Recombinant inbred (RI) strains are formed from an initial cross between two different inbred strains followed by an F1 intercross and 20 generations of strict brother-sister mating. This breeding protocol allows the production of a family of new inbred strains with special properties relative to each other that are discussed fully in Section 9.2. Different RI strains derived from the same pair of original inbred parents are considered members of a set. Each RI set is named by joining an abbreviation of each parental strain together with an "X". For example, RI strains derived from a C57BL/6J (B6) female and a DBA/2J male are members of the BXD set, and RI strains derived from AKR/J and C57L/J are members of the AKXL set. A complete listing of commonly used RI sets is given in Table 9.3. Each RI strain in a particular set is distinguished by appending a hyphen to the series name followed by a letter or number. Thus, BXD-15 is a particular RI strain that has been formed from an initial cross between a B6 female and a DBA male. At any point in time, it is always possible to add a new strain to a particular set through an outcross between the same two progenitor strains followed by 20 generations of inbreeding. The RI strains represent an important tool in the arsenal available for linkage studies of newly defined DNA loci.

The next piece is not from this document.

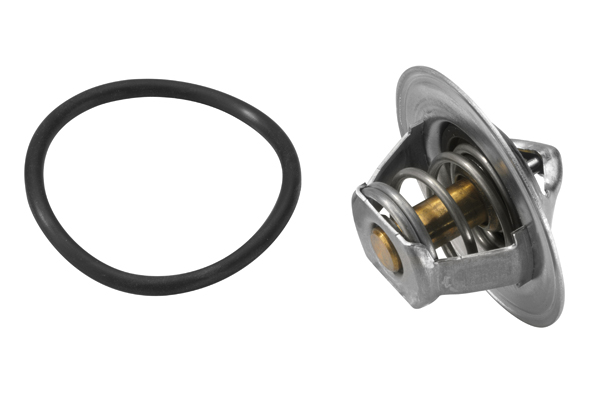 Termostat WAHLER 3167.83D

Recombinant congenic strains (abbreviated as RC strains) are a variation on the recombinant inbred concept (Demant and Hart, 1986). As with RI strains, the initial cross is between two distinct inbred strains. However, the next two generations are generated by backcrossing, without selection, to one of the parental strains. This sequence is followed by brother-sister mating for at least 14 generations. Whereas standard RI strains have genomes that are a mosaic of equal parts derived from both parents (as detailed in Section 9.2.2), RC strains will have mosaic genomes that are skewed in the direction of the parent to which the backcrossing occurred such that a random 7/8 fraction of the genome will be derived from this parent, and a random 1/8 fraction will be derived from the other parent. Sets of RC strains have some interesting properties in terms of limiting the amount of the genome that has to be searched for multiple genes involved in quantitative traits. However, with the new PCR-based methods for genotyping highly polymorphic loci discussed in Section 8.3, the advantages of the RC strains appear to have been superseded and they have not been used widely by the mouse genetics community.